> TRY IT
Wherever the line with "La antiparra ergonómica" sits in the listing below, transcribe from it up to and including the line with "SD license plate 82TY66", exactly, and leave the remaining lines out.

> STORED DATA

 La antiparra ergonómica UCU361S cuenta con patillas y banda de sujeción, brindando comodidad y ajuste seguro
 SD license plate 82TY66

* * *

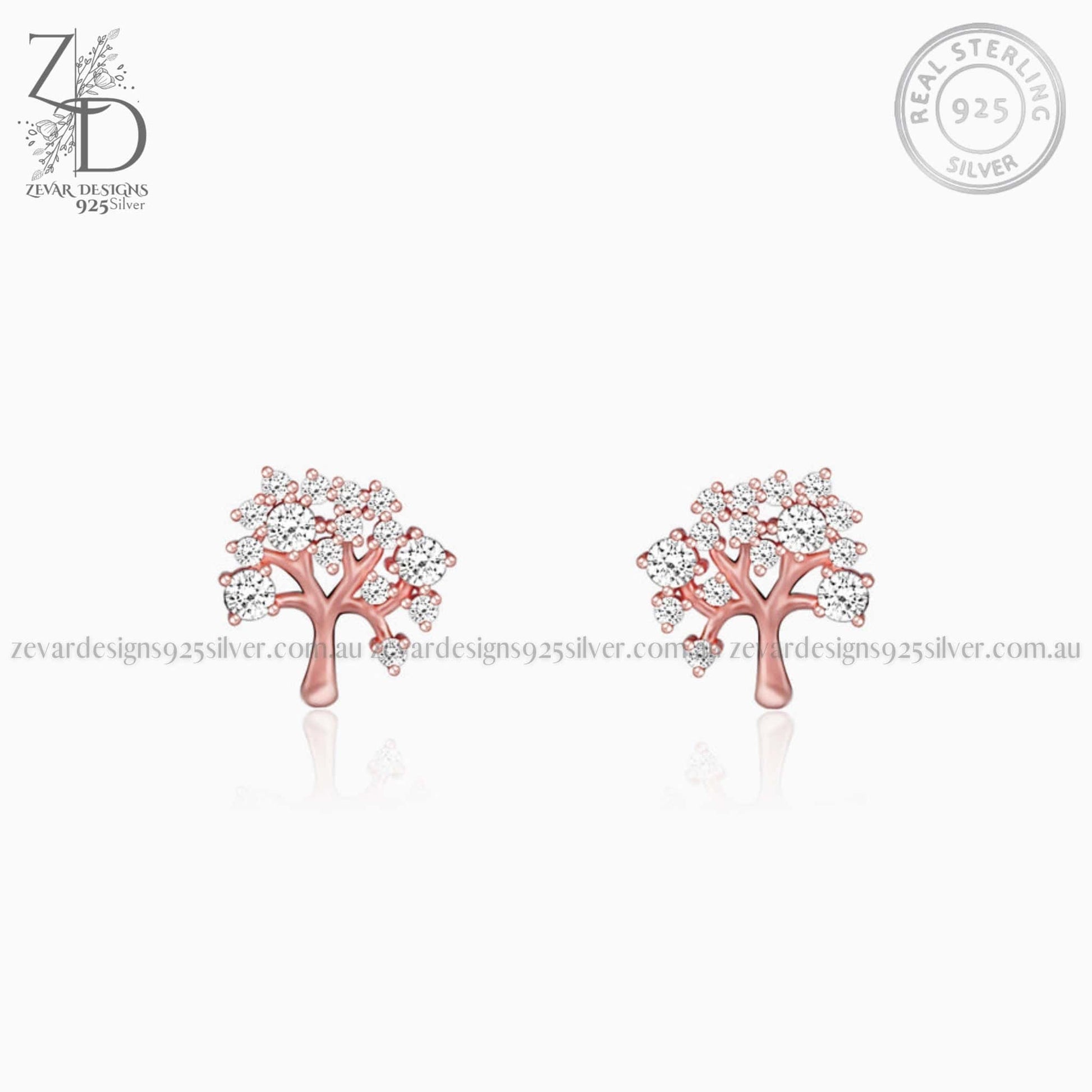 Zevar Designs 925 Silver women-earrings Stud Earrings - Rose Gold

---

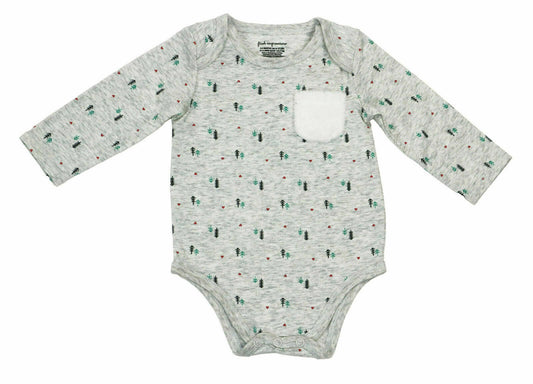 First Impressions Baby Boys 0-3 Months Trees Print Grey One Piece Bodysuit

> RESULT BELOW
 La antiparra ergonómica UCU361S cuenta con patillas y banda de sujeción, brindando comodidad y ajuste seguro
 SD license plate 82TY66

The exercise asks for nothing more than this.